_What the task requires:_
Print the full listing once more, exactly as given.

_Data extract:_
= = = = = = =

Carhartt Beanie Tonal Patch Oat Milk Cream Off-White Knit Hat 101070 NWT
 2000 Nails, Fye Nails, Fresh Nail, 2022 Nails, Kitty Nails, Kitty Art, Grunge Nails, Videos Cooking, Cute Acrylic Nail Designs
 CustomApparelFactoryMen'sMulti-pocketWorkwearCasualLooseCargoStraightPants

= = = = = = =

_Written answer:_
Carhartt Beanie Tonal Patch Oat Milk Cream Off-White Knit Hat 101070 NWT
 2000 Nails, Fye Nails, Fresh Nail, 2022 Nails, Kitty Nails, Kitty Art, Grunge Nails, Videos Cooking, Cute Acrylic Nail Designs
 CustomApparelFactoryMen'sMulti-pocketWorkwearCasualLooseCargoStraightPants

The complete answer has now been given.